What you are asked to do |
Please retype the entries below exactly as they are written.

============

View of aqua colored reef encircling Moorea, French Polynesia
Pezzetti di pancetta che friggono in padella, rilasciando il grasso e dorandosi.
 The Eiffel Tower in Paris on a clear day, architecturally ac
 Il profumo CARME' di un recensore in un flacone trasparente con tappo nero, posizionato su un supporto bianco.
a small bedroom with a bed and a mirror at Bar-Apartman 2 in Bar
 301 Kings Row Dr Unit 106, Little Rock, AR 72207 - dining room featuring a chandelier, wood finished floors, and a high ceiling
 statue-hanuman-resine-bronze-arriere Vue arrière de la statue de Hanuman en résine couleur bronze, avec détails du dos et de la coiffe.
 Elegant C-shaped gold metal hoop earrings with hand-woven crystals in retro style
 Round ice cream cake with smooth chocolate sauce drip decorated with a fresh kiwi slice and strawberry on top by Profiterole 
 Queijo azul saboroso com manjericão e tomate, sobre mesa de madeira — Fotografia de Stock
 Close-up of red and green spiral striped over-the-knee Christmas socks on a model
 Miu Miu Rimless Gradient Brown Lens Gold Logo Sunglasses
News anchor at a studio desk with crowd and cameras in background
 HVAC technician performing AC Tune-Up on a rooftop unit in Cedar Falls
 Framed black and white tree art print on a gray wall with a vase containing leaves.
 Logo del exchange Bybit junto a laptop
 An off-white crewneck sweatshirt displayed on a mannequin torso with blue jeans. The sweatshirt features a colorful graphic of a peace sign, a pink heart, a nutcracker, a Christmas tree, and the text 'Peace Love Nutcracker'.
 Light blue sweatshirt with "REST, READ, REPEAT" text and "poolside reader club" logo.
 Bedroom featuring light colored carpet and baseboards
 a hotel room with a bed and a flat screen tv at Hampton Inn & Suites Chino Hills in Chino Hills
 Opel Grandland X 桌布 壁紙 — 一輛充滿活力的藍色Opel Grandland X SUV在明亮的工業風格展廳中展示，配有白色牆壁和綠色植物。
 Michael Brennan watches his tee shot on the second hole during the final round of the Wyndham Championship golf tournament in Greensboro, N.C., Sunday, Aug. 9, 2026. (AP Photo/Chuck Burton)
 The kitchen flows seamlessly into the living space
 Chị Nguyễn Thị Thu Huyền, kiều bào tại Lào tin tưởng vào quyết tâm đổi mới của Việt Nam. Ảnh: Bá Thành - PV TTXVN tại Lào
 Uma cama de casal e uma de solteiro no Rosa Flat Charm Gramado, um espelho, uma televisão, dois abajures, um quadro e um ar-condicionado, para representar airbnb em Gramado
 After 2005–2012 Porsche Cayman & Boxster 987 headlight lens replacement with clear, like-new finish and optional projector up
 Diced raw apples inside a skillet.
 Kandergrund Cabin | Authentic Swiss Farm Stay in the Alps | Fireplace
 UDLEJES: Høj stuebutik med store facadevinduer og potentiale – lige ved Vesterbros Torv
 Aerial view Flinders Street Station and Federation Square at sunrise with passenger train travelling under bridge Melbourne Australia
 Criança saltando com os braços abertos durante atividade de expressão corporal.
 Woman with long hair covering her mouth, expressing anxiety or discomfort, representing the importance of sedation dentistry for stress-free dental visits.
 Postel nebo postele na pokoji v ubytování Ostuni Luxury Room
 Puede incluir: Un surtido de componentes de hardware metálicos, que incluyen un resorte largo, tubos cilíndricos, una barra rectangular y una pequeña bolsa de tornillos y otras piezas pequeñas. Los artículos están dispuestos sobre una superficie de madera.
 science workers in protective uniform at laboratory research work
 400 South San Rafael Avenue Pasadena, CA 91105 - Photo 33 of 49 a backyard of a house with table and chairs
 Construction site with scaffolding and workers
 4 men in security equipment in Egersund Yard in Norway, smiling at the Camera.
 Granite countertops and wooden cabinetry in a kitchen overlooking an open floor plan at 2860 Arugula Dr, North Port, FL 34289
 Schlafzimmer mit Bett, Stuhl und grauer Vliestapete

============

Response to the exercise |
View of aqua colored reef encircling Moorea, French Polynesia
Pezzetti di pancetta che friggono in padella, rilasciando il grasso e dorandosi.
 The Eiffel Tower in Paris on a clear day, architecturally ac
 Il profumo CARME' di un recensore in un flacone trasparente con tappo nero, posizionato su un supporto bianco.
a small bedroom with a bed and a mirror at Bar-Apartman 2 in Bar
 301 Kings Row Dr Unit 106, Little Rock, AR 72207 - dining room featuring a chandelier, wood finished floors, and a high ceiling
 statue-hanuman-resine-bronze-arriere Vue arrière de la statue de Hanuman en résine couleur bronze, avec détails du dos et de la coiffe.
 Elegant C-shaped gold metal hoop earrings with hand-woven crystals in retro style
 Round ice cream cake with smooth chocolate sauce drip decorated with a fresh kiwi slice and strawberry on top by Profiterole 
 Queijo azul saboroso com manjericão e tomate, sobre mesa de madeira — Fotografia de Stock
 Close-up of red and green spiral striped over-the-knee Christmas socks on a model
 Miu Miu Rimless Gradient Brown Lens Gold Logo Sunglasses
News anchor at a studio desk with crowd and cameras in background
 HVAC technician performing AC Tune-Up on a rooftop unit in Cedar Falls
 Framed black and white tree art print on a gray wall with a vase containing leaves.
 Logo del exchange Bybit junto a laptop
 An off-white crewneck sweatshirt displayed on a mannequin torso with blue jeans. The sweatshirt features a colorful graphic of a peace sign, a pink heart, a nutcracker, a Christmas tree, and the text 'Peace Love Nutcracker'.
 Light blue sweatshirt with "REST, READ, REPEAT" text and "poolside reader club" logo.
 Bedroom featuring light colored carpet and baseboards
 a hotel room with a bed and a flat screen tv at Hampton Inn & Suites Chino Hills in Chino Hills
 Opel Grandland X 桌布 壁紙 — 一輛充滿活力的藍色Opel Grandland X SUV在明亮的工業風格展廳中展示，配有白色牆壁和綠色植物。
 Michael Brennan watches his tee shot on the second hole during the final round of the Wyndham Championship golf tournament in Greensboro, N.C., Sunday, Aug. 9, 2026. (AP Photo/Chuck Burton)
 The kitchen flows seamlessly into the living space
 Chị Nguyễn Thị Thu Huyền, kiều bào tại Lào tin tưởng vào quyết tâm đổi mới của Việt Nam. Ảnh: Bá Thành - PV TTXVN tại Lào
 Uma cama de casal e uma de solteiro no Rosa Flat Charm Gramado, um espelho, uma televisão, dois abajures, um quadro e um ar-condicionado, para representar airbnb em Gramado
 After 2005–2012 Porsche Cayman & Boxster 987 headlight lens replacement with clear, like-new finish and optional projector up
 Diced raw apples inside a skillet.
 Kandergrund Cabin | Authentic Swiss Farm Stay in the Alps | Fireplace
 UDLEJES: Høj stuebutik med store facadevinduer og potentiale – lige ved Vesterbros Torv
 Aerial view Flinders Street Station and Federation Square at sunrise with passenger train travelling under bridge Melbourne Australia
 Criança saltando com os braços abertos durante atividade de expressão corporal.
 Woman with long hair covering her mouth, expressing anxiety or discomfort, representing the importance of sedation dentistry for stress-free dental visits.
 Postel nebo postele na pokoji v ubytování Ostuni Luxury Room
 Puede incluir: Un surtido de componentes de hardware metálicos, que incluyen un resorte largo, tubos cilíndricos, una barra rectangular y una pequeña bolsa de tornillos y otras piezas pequeñas. Los artículos están dispuestos sobre una superficie de madera.
 science workers in protective uniform at laboratory research work
 400 South San Rafael Avenue Pasadena, CA 91105 - Photo 33 of 49 a backyard of a house with table and chairs
 Construction site with scaffolding and workers
 4 men in security equipment in Egersund Yard in Norway, smiling at the Camera.
 Granite countertops and wooden cabinetry in a kitchen overlooking an open floor plan at 2860 Arugula Dr, North Port, FL 34289
 Schlafzimmer mit Bett, Stuhl und grauer Vliestapete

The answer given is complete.